車で 2、3時間位で夕張には着くので行き当たりばったりで、泊まる所などの確保はしませんでした。
日中は、天気もよく有名な夕張炭鉱を見たりと観光を楽しみ、あちこち施設を見て歩くと、時間はあっという間に18時位になり、
夕食をと辺りを詮索しましたが、自分たちが思っていた以上に夕張市は過疎化が進み、
施設等の閉鎖時間も早く、慣れない町で迷い始めてしまったのです。
気付くと、昔は人が住んでいただろう住宅街や、潰れてしまった店やホテルばかりで、
町がヒッソリとして人の気配がないのです。
もちろん人がいないので明かりも乏しく、主人と途方にくれ、気付けば時間は22時を過ぎ、 2人は疲れてしまい、無人駅に停車して携帯で泊まれる場所を検索しました。
2人の口数も 疲れて少なくなり、外は霧と暗さで不安になっていると、
1台のタクシーが停車してる事に気付き、主人は「ここの人なら、ホテル知ってるかも 」と話を聞きに行ったのです。
5分位で戻ってきて 「ここの坂道を道沿いに行けば、ホテルがあるって!!」 と、私たちはやっと休める嬉しさから、言われた道を車で走って行きました。

距離的には、結構走ってカーブがとても多く街灯もほとんどない山道を登って行きました。
ある程度走ると、右側に薄い青い看板でホテル、と書いてある場所を見つけ、
下は車庫で2階が泊まれるような、ラブホテルみたいな場所でした。
もう、汚いとか古いとか今の2人にはどうでもよくて、早くお風呂に入って寝たい! 休みたい!それしかなかったのです。
部屋は6畳間が2つ繋がっているような作りで、テレビも小さいしほこりがすごかった記憶があります。
途中のコンビニで買ってきたご飯をささっと食べてお風呂に入ろうとしましたが、部屋の電気も暗かったのですが、
お風呂場も暗く茶電位にしかつかないので少し怖かった私は主人に一緒に入ってもらい、シャワーを浴びるだけにしました。
2人とも こんなに素早くシャワーに入る事あるのかって位にそこから早く出たくて、急いで洗いました。
それでも、入浴できて落ち着いた私達は荷物の整理をしようと部屋に戻ると、部屋がタバコくさいのです。
入室してからタバコは吸っておらず、灰皿を見ると2本の吸い殻がありました。
「えっ? これ誰の?」
私は、嫌な予感がして「財布確認!!」と叫び、主人も、慌てて各自の財布を確認しましたが盗まれてもおらず、
もしかしたら、清掃の時忘れたのかもね………と2人は思うしかなかったのです。
もう寝て早く帰ろうと、しかし部屋の電気はつけておいても、苦痛に感じない位に暗いので 2つ繋がっている部屋の電気はつけたまま就寝したのです。

しかし、5分後「ん?お風呂場って電気消したよね?」と私が主人に聞くと 「消したよね」……お風呂場から灯りがみえたのです。
「2人で消しに行こう」と様子を見ながらお風呂場に行きました。
やはり 電気はついていましたが何も変化はなく、ただ疑問だけがモヤモヤと増えていきました。
疲れているはずなのに2人とも中々寝付けず、静かに時が過ぎるのを待つ感じでいると、
私は テレビがある部屋の右側 主人は窓側の左側の1つのベッドに寝ていたのですが、
右足の爪先が ちょん。
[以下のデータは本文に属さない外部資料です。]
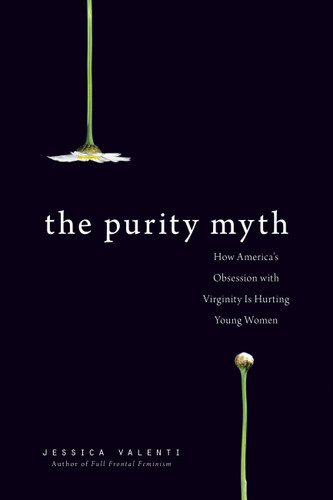 The Purity Myth (How America's Obsession with Virginity Is Hurting Young Women) by Jessica Valenti, 9781580053143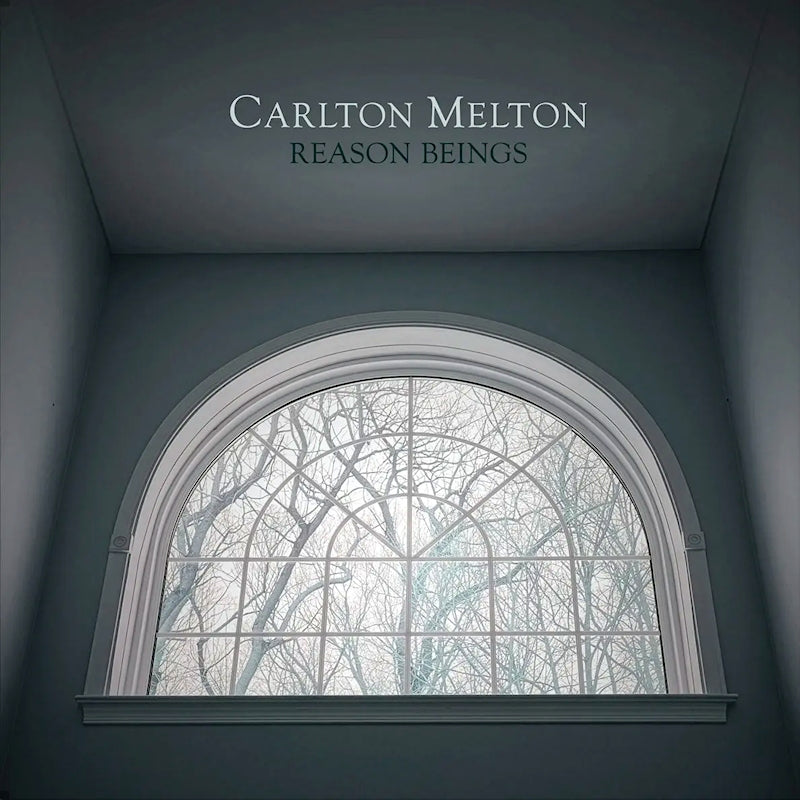 Carlton Melton - Reasons beings (crystal clear) (LP)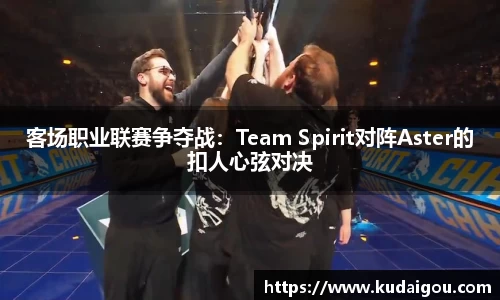 客场职业联赛争夺战：Team Spirit对阵Aster的扣人心弦对决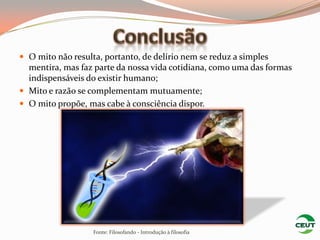  O mito não resulta, portanto, de delírio nem se reduz a simples
  mentira, mas faz parte da nossa vida cotidiana, como uma das formas
  indispensáveis do existir humano;
 Mito e razão se complementam mutuamente;
 O mito propõe, mas cabe à consciência dispor.




                   Fonte: Filosofando - Introdução à filosofia
 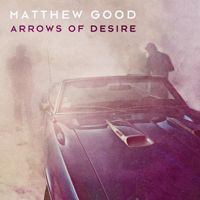 Matthew Good Band - Arrows Of Desire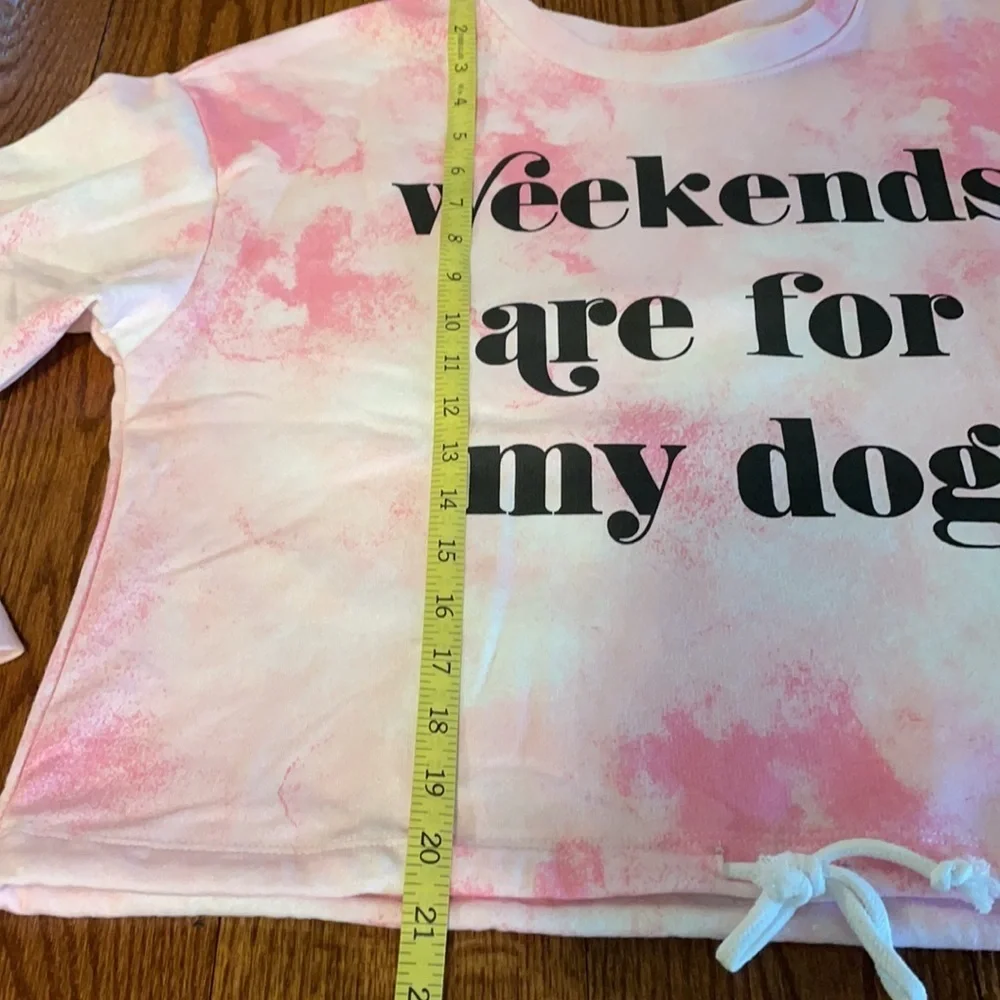 women’s pet dog pink TIE DYE crop sweatshirt WEEKENDS ARE FOR MY DOG L cotton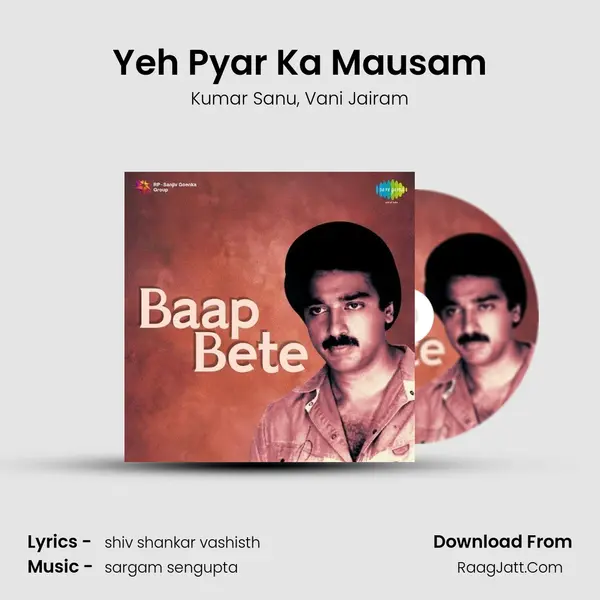 Yeh Pyar Ka Mausam Song mp3 | Kumar Sanu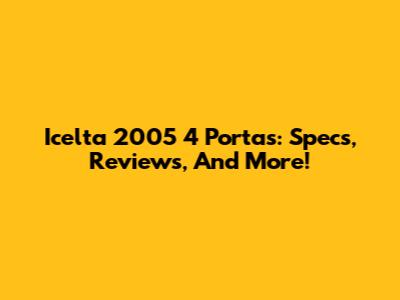 Icelta 2005 4 Portas: Specs, Reviews, And More!
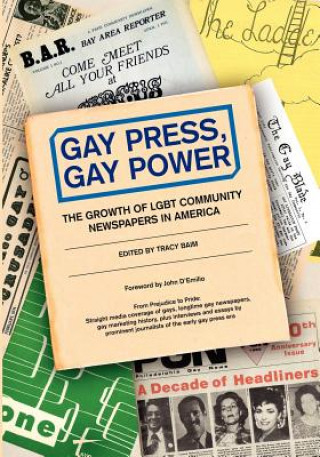 Książka Gay Press, Gay Power: The Growth of LGBT Community Newspapers in America Tracy Baim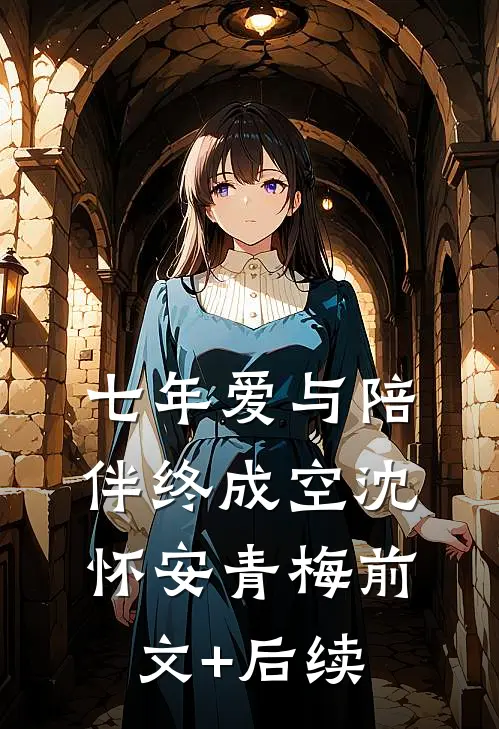 七年爱与陪伴终成空沈怀安青梅前文+后续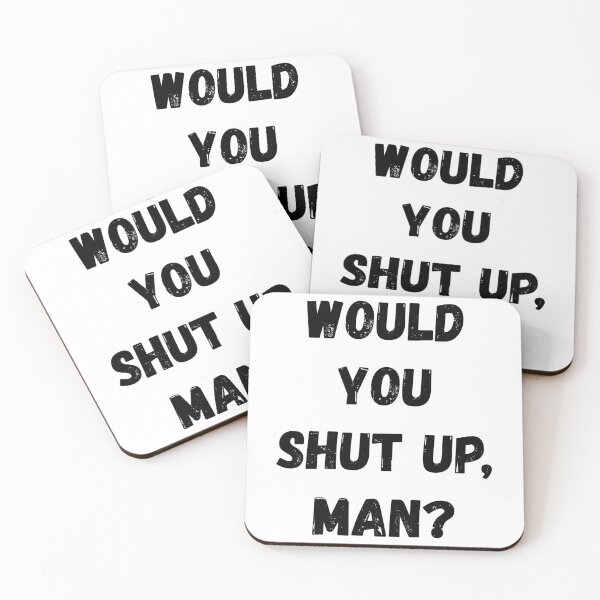 Item preview, Would You Shut Up Man designed and sold by momsnpops.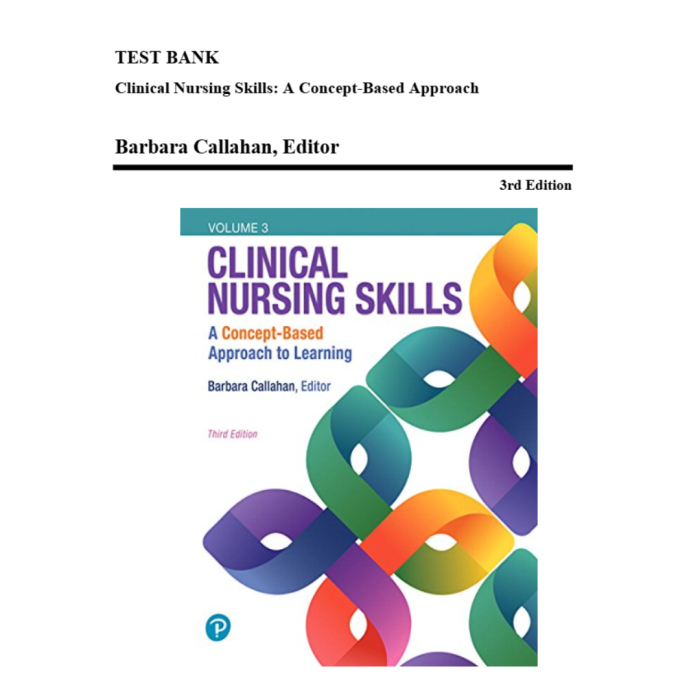 Test Bank For Clinical Nursing Skills A Concept-Based Approach, 3rd Edition By Callahan-Pass Test Bank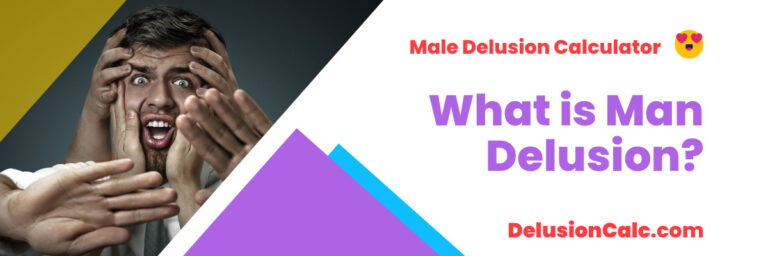 What is Man Delusion?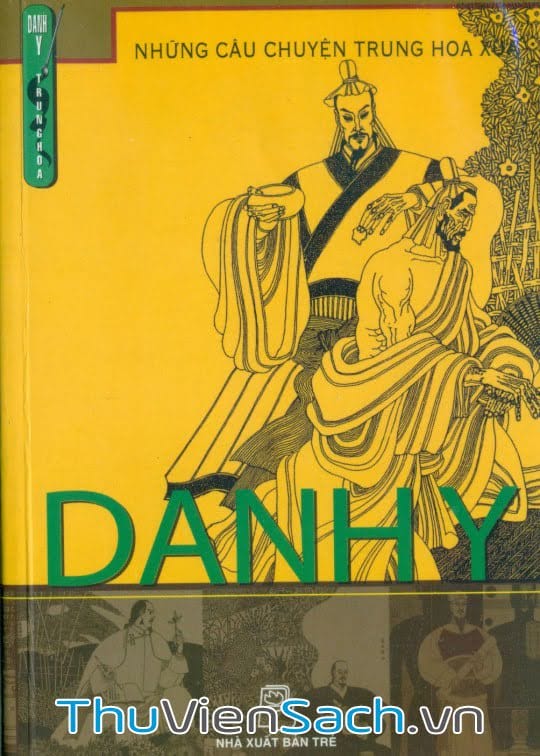 Những Câu Chuyện Trung Hoa Xưa: Danh Y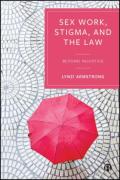 Cover of Sex Work, Stigma, and the Law: Beyond Injustice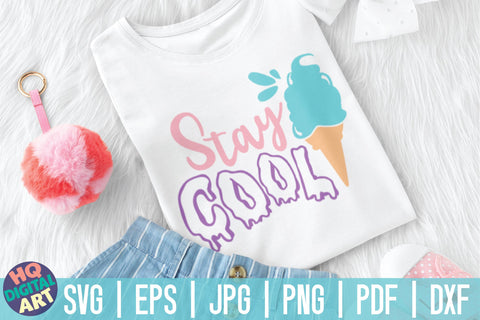 Stay cool SVG | Ice Cream SVG SVG HQDigitalArt 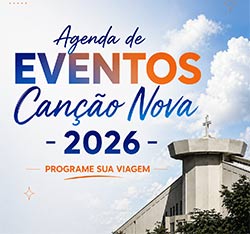 Agenda de eventos da Canção Nova - 2026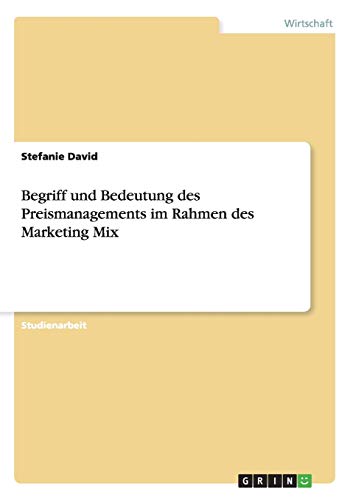 Begriff und Bedeutung des Preismanagements im Rahmen des Marketing Mix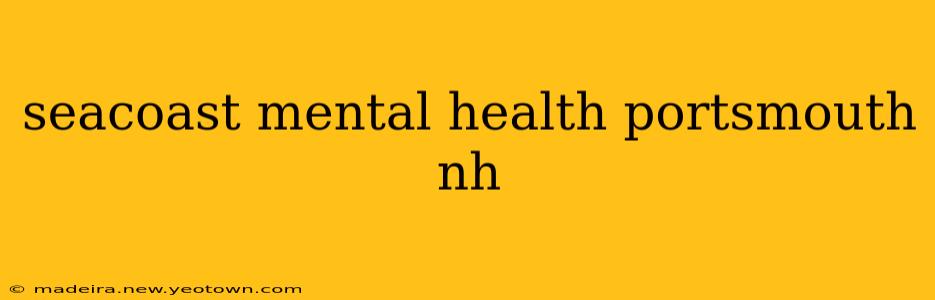 seacoast mental health portsmouth nh
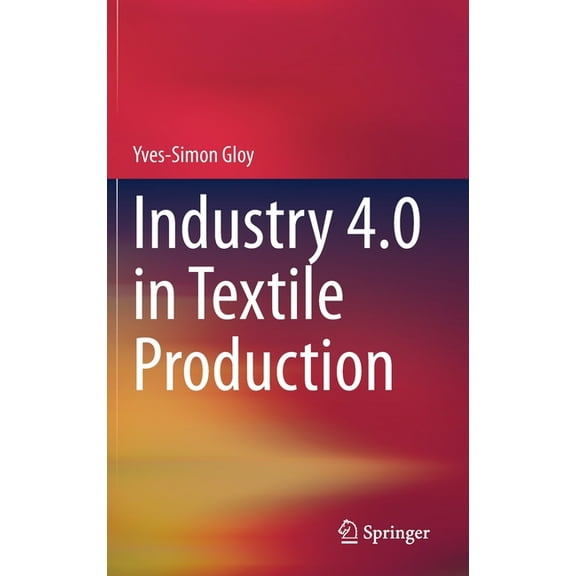 Industry 4.0 in Textile Production, (Hardcover)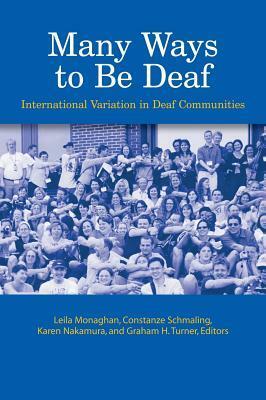 Many Ways to Be Deaf: International Variation in Deaf Communities by Leila Monaghan, Constanze Schmaling, Karen Nakamura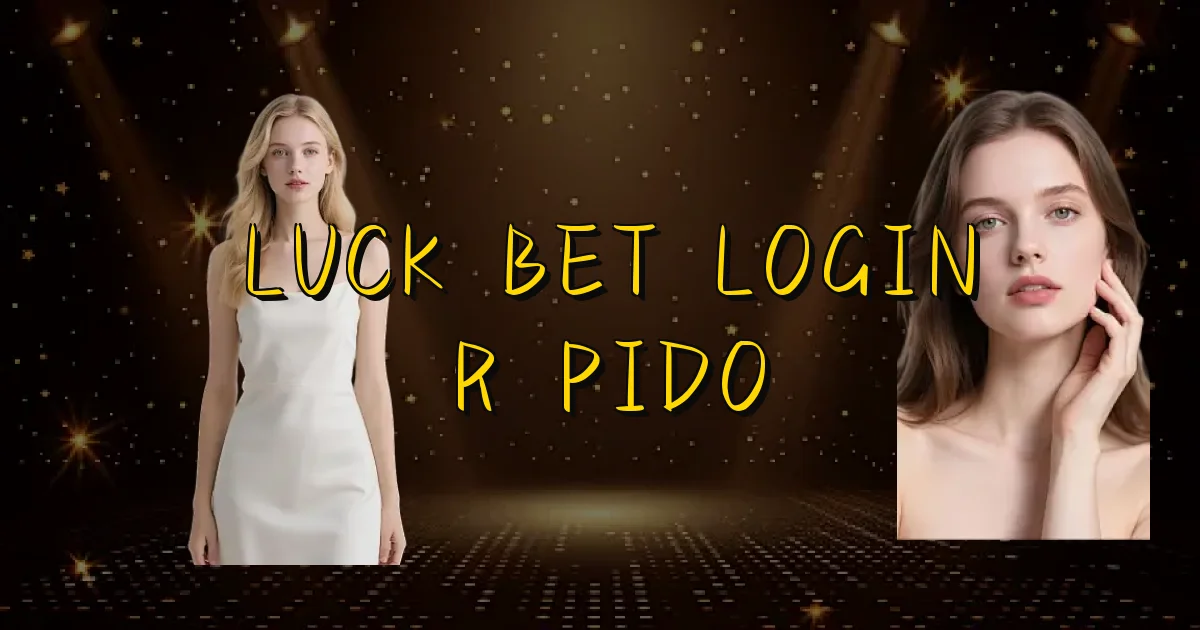 Luck Bet Login Rápido Oficial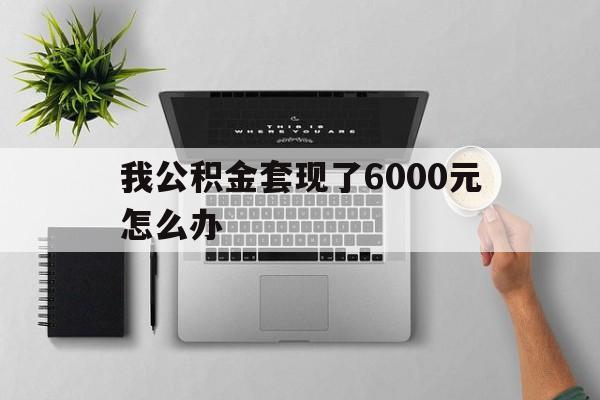曲靖最新我公积金套现了6000元怎么办方法分析(最方便真实的曲靖住房公积金套取现金方法)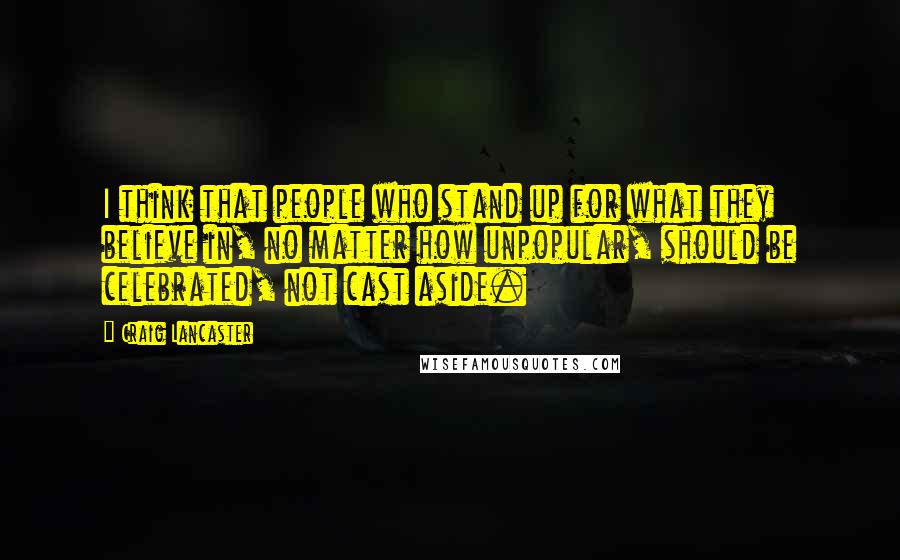 Craig Lancaster Quotes: I think that people who stand up for what they believe in, no matter how unpopular, should be celebrated, not cast aside.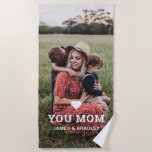 Cute HEART LOVE YOU MOM Mother's Day Photo Beach Towel<br><div class="desc">Cute Heart Love You Mom Mother's Day Photo Beach Towel features your favorite photo with the text "(love heart) you Mom" in modern white script with your names below. Personalize by editing the text in the text box provided and adding your own picture. Designed by ©Evco Studio www.zazzle.com/store/evcostudio</div>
ちょん。とされる感じがあって
「あぁ、たくさん歩いたから疲れてるんだぁ」と 心の中で思ってると、
ちょん。ちょん。が、次第に ぐい!ぐい!と引っ張られる感じになったのです。
手で引っ張られるのではなく 分からない何かが、足を引っ張り出したので
「あ、足が引っ張られる!!」と叫び 、
主人と場所を交換してもらい 「えっ?」「あっ!」と主人も感じたのか当時はガラケー時代でしたが御守りを検索して待ち受けにして2人は固まってました。
不思議な事に ホテルは物音ひとつせずシーンと静まり返っており、それが逆に怖く感じてしまい、ところが やはり疲れには逆らえず、いつの間にか寝てしまったようで私は夢を見たのです。

でも、果たしてそれが、夢なのか現実なのかは今でも謎なのですがスーツを着た中年男性が、女性を待っているのか1人で泊まりにきたのか分かりませんが、ソファーに座ってじっとこちらを見ているのです。
真顔で、視線はこちらを見てただ座っていました。
不思議と怖い人とか 気持ち悪いといった感情がなく 私も眠りの中でフワフワしていたのだと思います。
しかし… 急に目が覚めたのです。ビックリして一瞬で目が開きました。
誰かが私の足を撫でたのです。乱暴にではなく、子供を撫でるように。
隣りの主人を見るとぐっすり眠っており、主人ではないとベッドで上半身を起こし周りを確認するように見回すと、
私は足を引っ張られるので、右側から左側に場所を主人と交換してもらったはずです。
なのに、私は右側にいたのです。
しかも足を撫でられ目を開けた瞬間、 おじさんがよく使うような甘い頭髪料の匂いが部屋に漂っていたのです。
まるで今 ここに自分の目の前におじさんがいるような。
姿は見えませんが、雰囲気としている感じなのです。
時間は朝の5時位だったと思いますが、いよいよ限界を迎え、主人を起こし 「帰ろう!!」と
宿泊代6千円を払う場所が、お風呂場の扉の左側に小さい扉があるのですが、
そこに手が入るような穴があって、そこに帰るときお金を置くと玄関が開くと書いてました。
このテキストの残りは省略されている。